Выбрать главу

— Даже и не знаю что сказать, — ответила она. — Велосипед уже довольно старый и многого не стоит, и потом, сын ездит на нем за яйцами.

— Я хорошо заплачу, — сказал я.

Несколько минут женщина колебалась, потом произнесла:

— Я спрошу его об этом. Но мы можем продолжить наш разговор на кухне. Я все-таки поищу йод. Не хочу, чтобы вы ушли отсюда в таком состоянии.

ГЛАВА 18

Как и предсказывала женщина, на улице было настоящее пекло. От мостовой мне навстречу поднимались волны раскаленного воздуха; небо, казалось, превратилось в пышущую жаром плавильную печь, и при всем этом я не чувствовал ни малейшего дуновения ветра.

Вначале я с большим трудом управлял велосипедом, но через две мили мое тело припомнило ту информацию, которая была заложена в него в детстве, и я начал понемногу осваиваться. И все-таки мне приходилось нелегко. Однако это было лучше, чем идти пешком.

Я сказал женщине, что хорошо заплачу, и она поймала меня на слове. Мне пришлось выложить сотню долларов, так что я остался почти без денег. Сотню долларов за этот перевязанный проволокой древний драндулет, который стоил самое большее десять монет. Но надо было или платить, или идти пешком, а я спешил. И потом, сказал я себе, возможно, это и не так дорого в сложившейся ситуации. Если бы только у меня осталась лошадь! Не исключено, что лошадям и велосипедам скоро просто цены не будет.

По всей автостраде стояли неподвижные автомобили и грузовики, временами попадались автобусы, но людей нигде не было видно.

Я продолжал нажимать на педали, время от времени вытирая рукавом рубашки струившийся по лицу пот и мечтая о глотке воды, и какое-то время спустя достиг окраин Вашингтона.

Транспорт и здесь стоял, но мне встретилось много людей на велосипедах, а несколько человек были на роликовых коньках. На свете, по-моему, нет более смешного зрелища, чем человек в деловом костюме и с атташе-кейсом в руке, который едет по улице на роликовых коньках и пытается при этом сохранить независимый вид. Большинство людей вообще ничего не делали, а просто молча сидели на обочинах, ступеньках домов или на своих лужайках и в садиках. Некоторые, правда, занимались делами, но, похоже, без всякого энтузиазма.

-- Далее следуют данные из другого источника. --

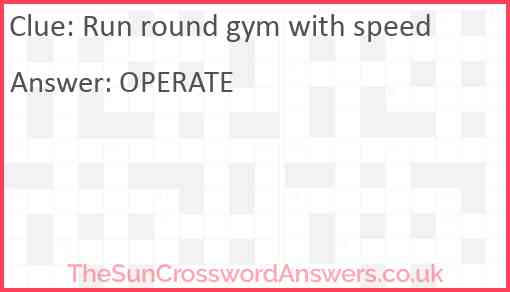 Run round gym with speed Answer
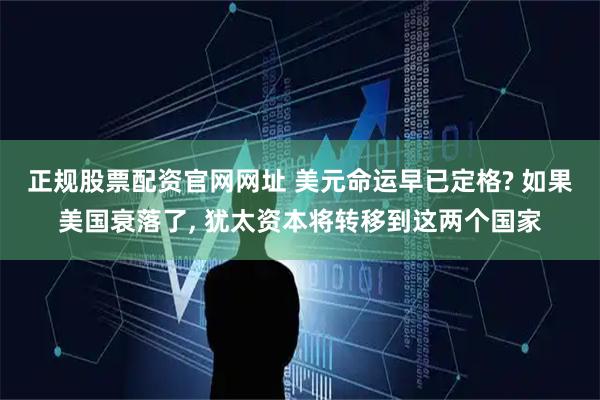 正规股票配资官网网址 美元命运早已定格? 如果美国衰落了, 犹太资本将转移到这两个国家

Я остановился у небольшого, типично вашингтонского сквера со статуей посредине, скамейками под деревьями, кормящей голубей старой леди и питьевым фонтаном. Именно этот фонтан и привлек меня. После стольких часов езды на велосипеде в невыносимую жару у меня было такое чувство, будто рот набили ватой.

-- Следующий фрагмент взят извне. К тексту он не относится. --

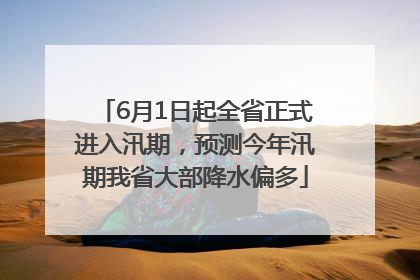 6月1日起全省正式进入汛期，预测今年汛期我省大部降水偏多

Задерживаться я не стал. Напившись и отдохнув несколько минут на скамейке, я снова сел на велосипед и поехал к Белому дому.

Приблизившись к нему, я заметил огромную толпу, которая заполнила весь тротуар и даже часть проспекта. Люди стояли молча, не сводя глаз с чего-то, находящегося, по-видимому, у самой ограды.

Кэти, подумал я! Именно здесь я и надеялся ее встретить. Но почему они все уставились на нее? Что происходит?

Я отчаянно заработал педалями и, достигнув толпы, спрыгнул с велосипеда. Бросив велосипед прямо на тротуаре, я ринулся в толпу, расталкивая всех на своем пути. Со всех сторон слышались брань и сердитые окрики, но я, не обращая на это никакого внимания, продолжал протискиваться вперед и вскоре оказался у самой ограды.

Конечно, это была не Кэти. Если бы я хоть на минутку задумался, я бы догадался, кого здесь встречу. Передо мной стоял Дьявол, Его Сатанинское Величество, короче говоря, мой старый знакомый — Черт.

Как и при нашей последней встрече, на нем была только грязная набедренная повязка — единственная дань приличиям, — над которой нависала безобразная жирная складка. В правой руке Черт держал хвост, которым пользовался как зубочисткой, ковыряя им в своих поросших мхом клыках. Небрежно привалившись к ограде и уперевшись раздвоенными копытами в трещину на асфальте, он бросал на толпу наглые взгляды, которые могли кого угодно вывести из себя. При виде меня он, однако, сразу же оставил свой хвост в покое и ринулся навстречу, обращаясь ко мне как к старому закадычному другу, которого, казалось, с нетерпением ждал.

— Приветствую тебя, герой! — трубил он, быстро приближаясь ко мне с распростертыми объятиями. — С возвращением домой из Геттисберга. Я вижу, ты ранен. Где это ты раздобыл такую миленькую повязку на голову? Она идет тебе.

Он уже приготовился заключить меня в свои объятия, но я увернулся. Очень уж я был зол на него за то, что он оказался там, где я надеялся встретить Кэти.